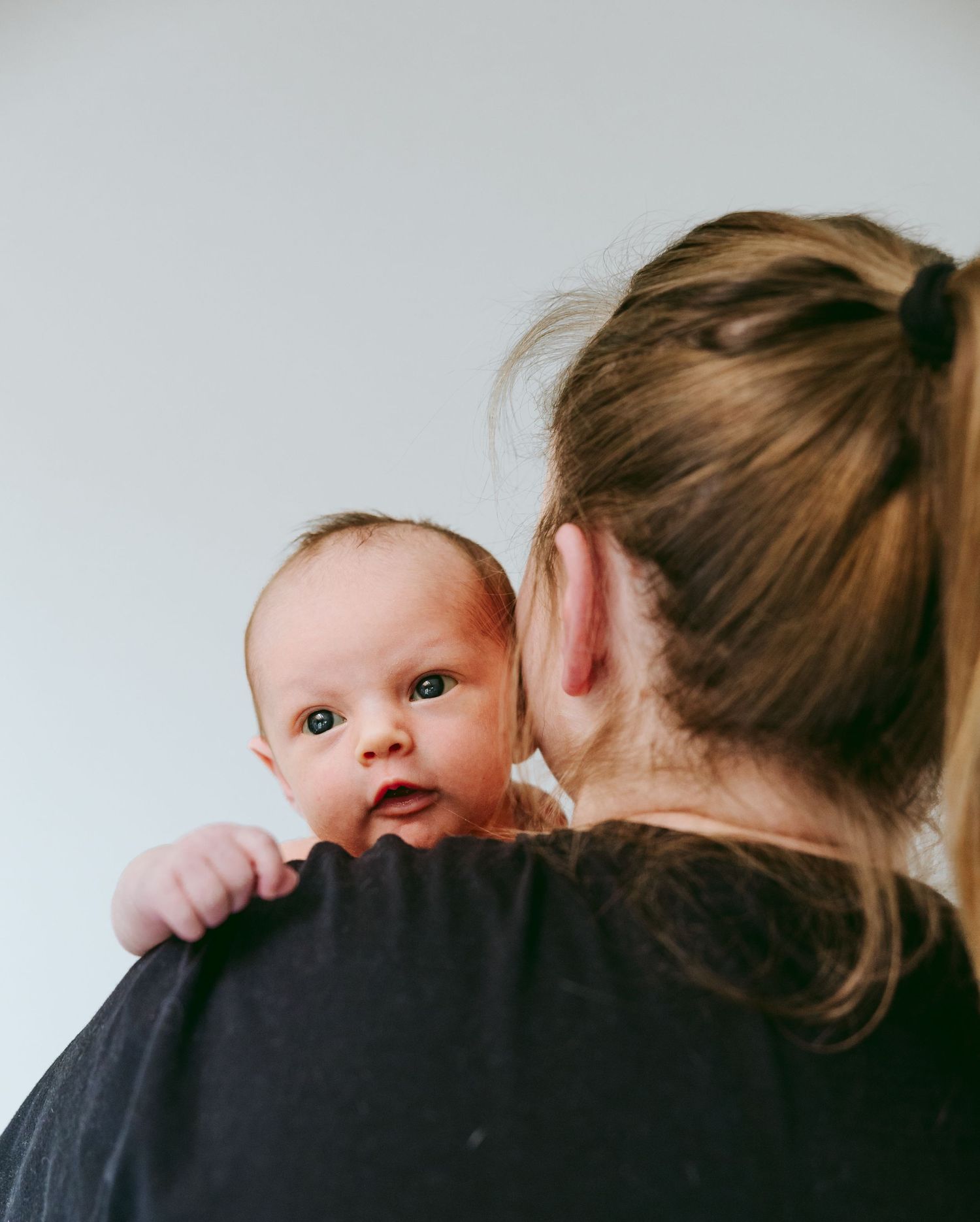 Mother holding newborn baby on her shoulder, baby looking over her back.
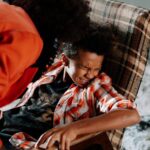 Child in distress on checkered chair with adult leaning over ominously inside a dimly lit room.
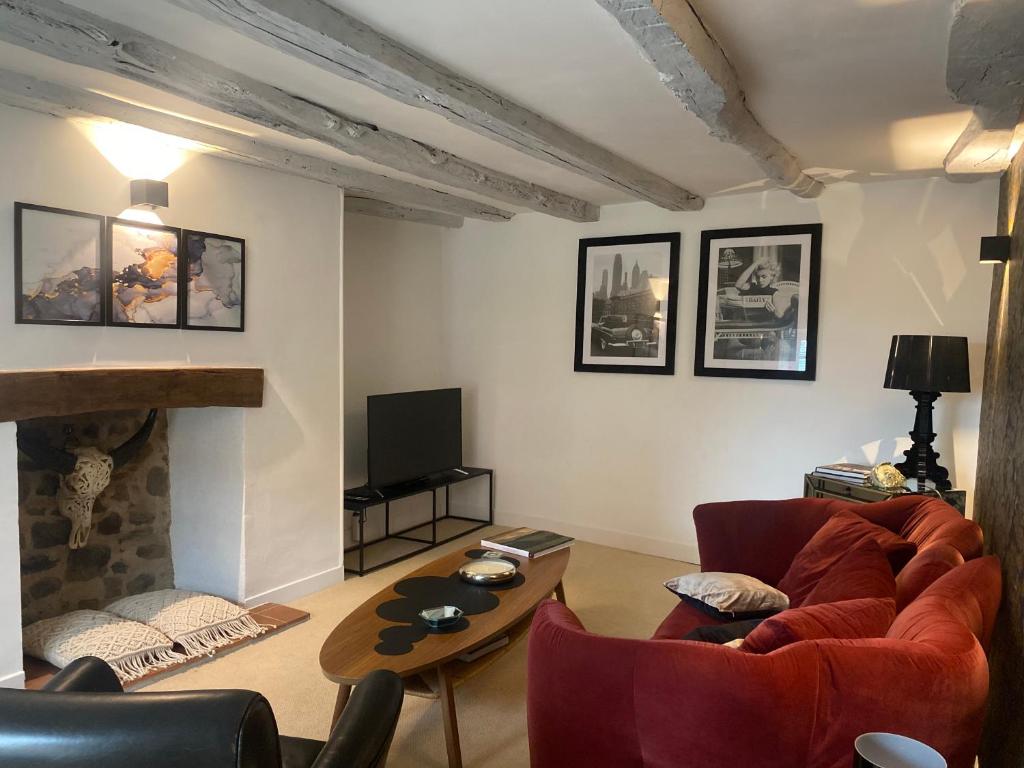 un salon avec un canapé et une table dans l'établissement GÎTES LA FORESTERIE, à Ladignac-le-Long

- **WORK ORDER**
Could you restate the material word for word, omitting the pictures?

- **TASK RESULT**
 Mother holding newborn baby on her shoulder, baby looking over her back.
 Child in distress on checkered chair with adult leaning over ominously inside a dimly lit room.
 un salon avec un canapé et une table dans l'établissement GÎTES LA FORESTERIE, à Ladignac-le-Long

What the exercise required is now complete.